Yes, the Flames are winless to start the NHL season, having suffered two losses in a home-and-home series with the Vancouver Canucks.
And, yes, Calgary captain Jarome Iginla, who finished third in the NHL with a career-high 98 points last season, is still looking for his first point of the current campaign and is a minus-3.
But, no, Calgary isn't panicking, and the club looks to get on track Tuesday night when it hosts the Colorado Avalanche.
What do the Flames have to do to win some games? Get back to basics, according to Iginla, especially with the man advantage where Calgary is 0-for-13 to start the season.
"I don't know if I'll take it upon myself. We all want to be better. I want to be better, have to be better," Iginla told the Calgary Sun. "I look at the power play, I get to play a lot of minutes on it, and we haven't produced at all. One goal in each of those games, especially early, would have been a big difference.
"You don't go into it thinking, 'I've got to do this. I've got to do that,' or you start pressing. It's about getting back to the things I want to do — get skating, drive to the net, hitting the net with shots.
"I look at myself and know all the other guys around the room are looking at themselves, too, and are finding ways to get that first win."
Iginla's lack of productivity aside, some Calgary players are hitting the mark.

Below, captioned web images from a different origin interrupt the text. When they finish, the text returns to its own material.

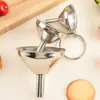 Juego de 3 Embudos de Acero Inoxidable para Cocina, Embudo de Aceite Multifuncional, Boca Pequeña, Diámetro Grande, Juego de Mini Embudos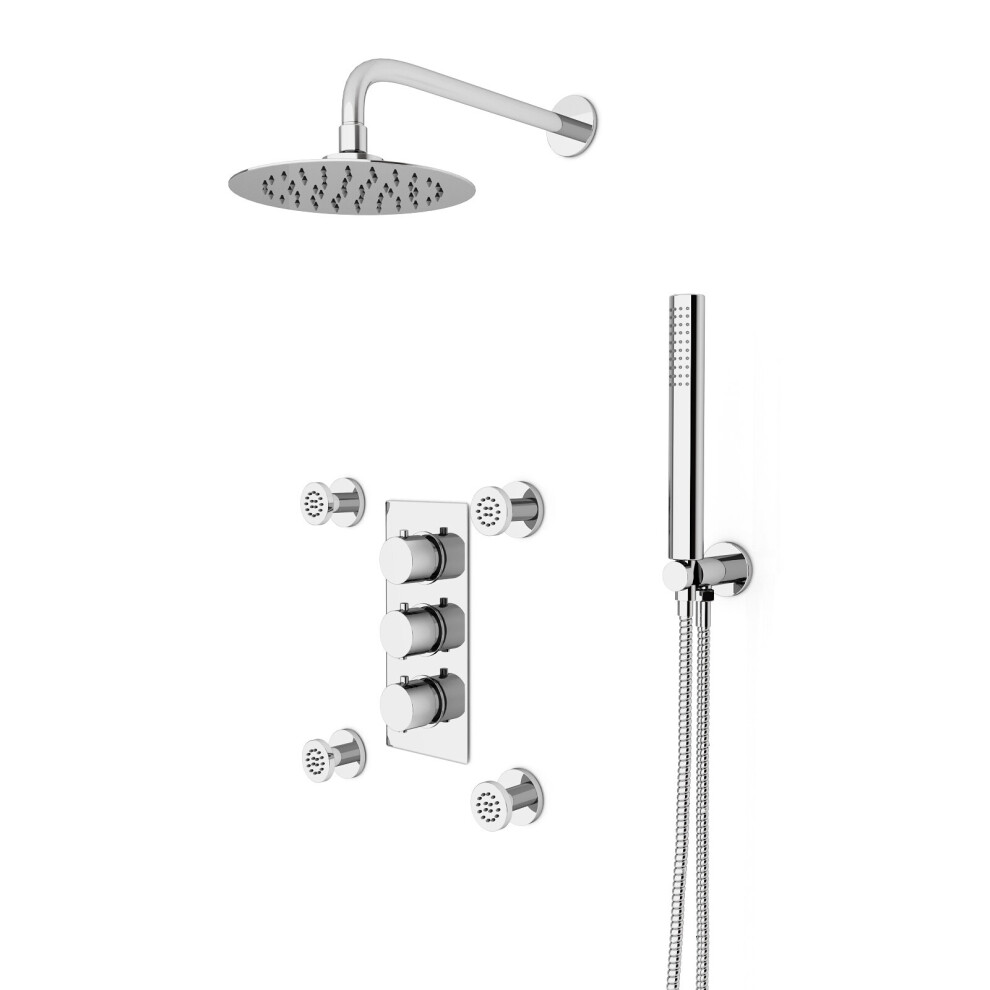 Nes Home Round 3 Way Concealed Shower Mixer Valve, Shower Head, Handset, Body Jets Set Chrome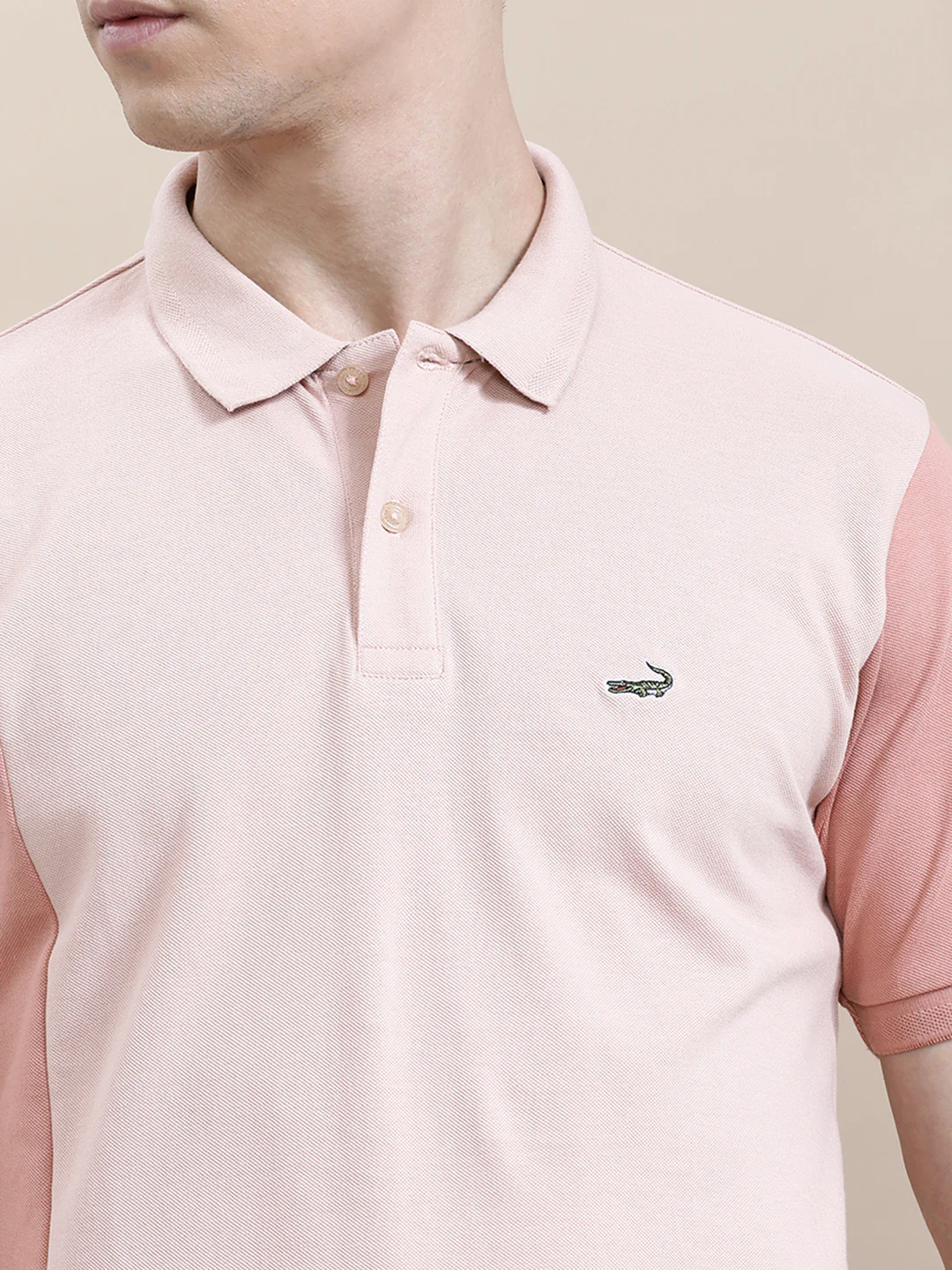 Colorblock Slim Fit Polo Pink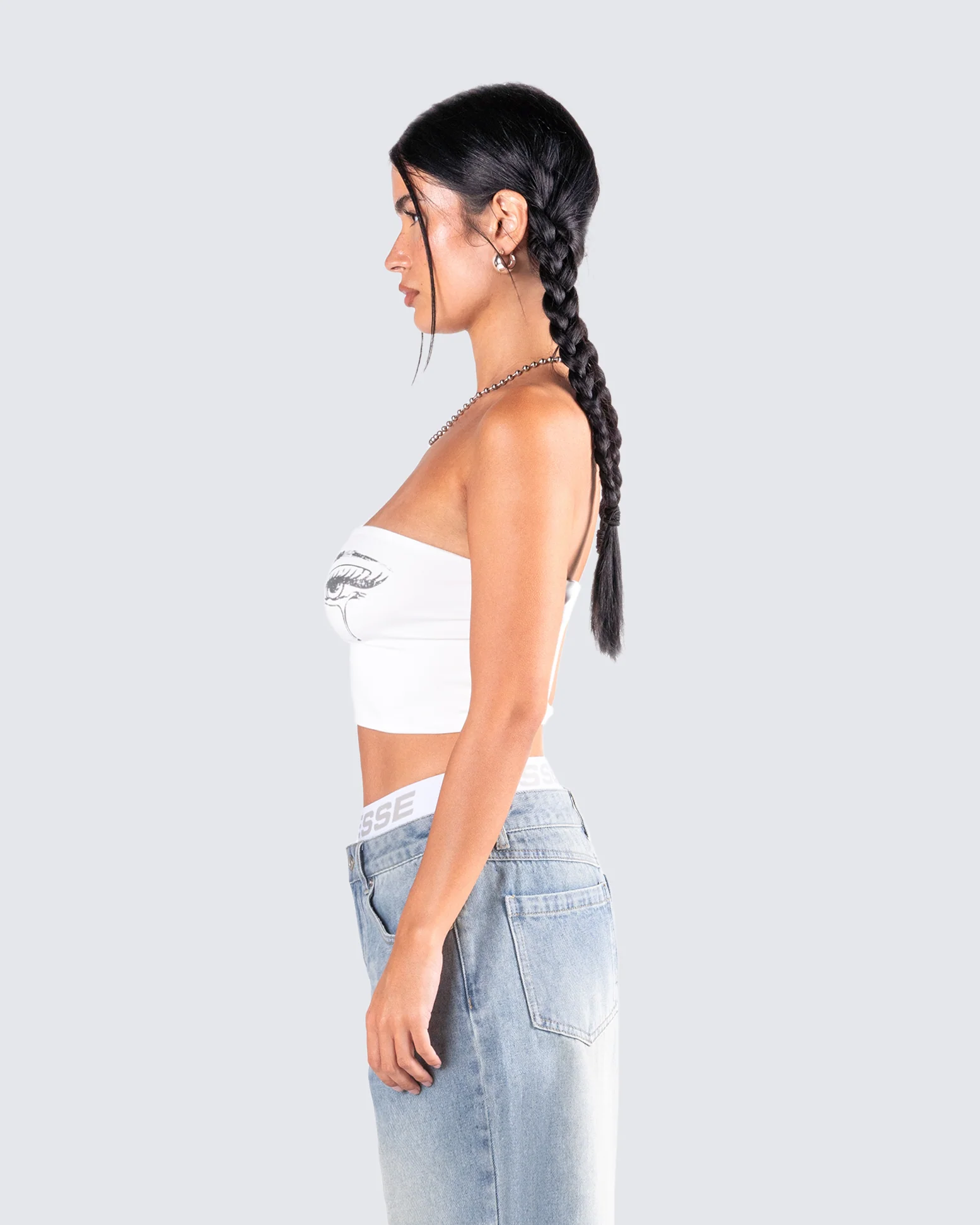 Samia White Graphic Tube Top - Image 5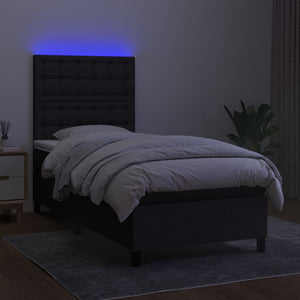 Letto a Molle con Materasso e LED Nero 80x200 cm in Tessuto cod mxl 57138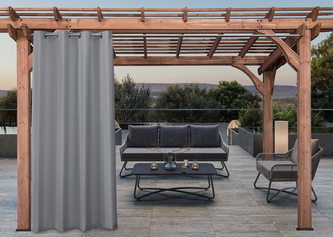 Venkovní zahradní závěs s kroužky MONTANA color 23 šedá, 155x240 cm (cena za 1 kus) MyBestHome + DÁREK úvaz ze stejné látky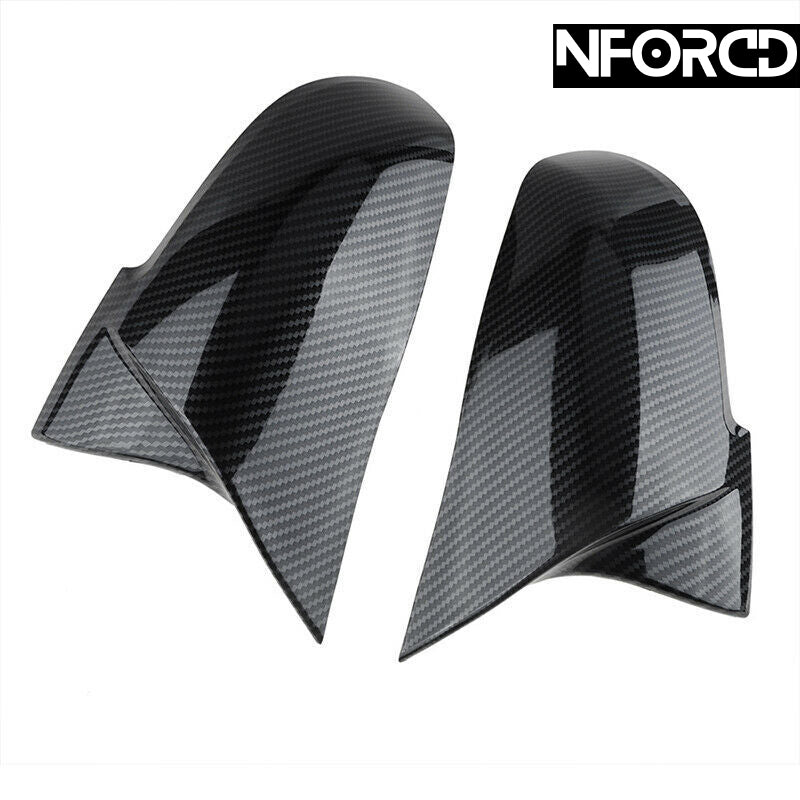 Black Carbon Fiber Look Wing Mirror Cover Caps For BMW 1 Series F20 F21
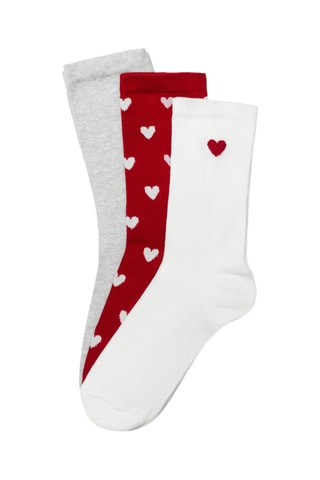 3 paires de chaussettes Coeur - Gris clair chiné et rouge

Off-season acquisitions Rene Bourque and Michael Cammalleri both had a goal and an assist in Saturday's 5-4 overtime loss.
The Flames can also take solace in the fact that Tuesday's opponent is struggling just as badly as they are.
The Avalanche dropped their first two games of the season — after a 5-4 defeat to visiting Boston on Thursday, Colorado fell 3-2 at Edmonton on Sunday — and are now in danger of getting off to their worst start to a season since the 1998-99 campaign when they lost four in a row.
Like the Flames, the Avs aren't in panic mode.
"I mean, of course there's no panic in here," Avalanche captain Joe Sakic told the Denver Post.
"We've had bad bounces, but over the course of a year, you're going to have some go against you and some for you. You can't let that affect the way you're going to play the game. If you're not playing well, you might get a couple breaks and get a couple cheap wins, but you're going to lose most of them."
The Flames host Edmonton Friday and then visit the Oilers the next night (CBC, 10 p.m. ET) in a home-and-home series between the Northwest Division rivals.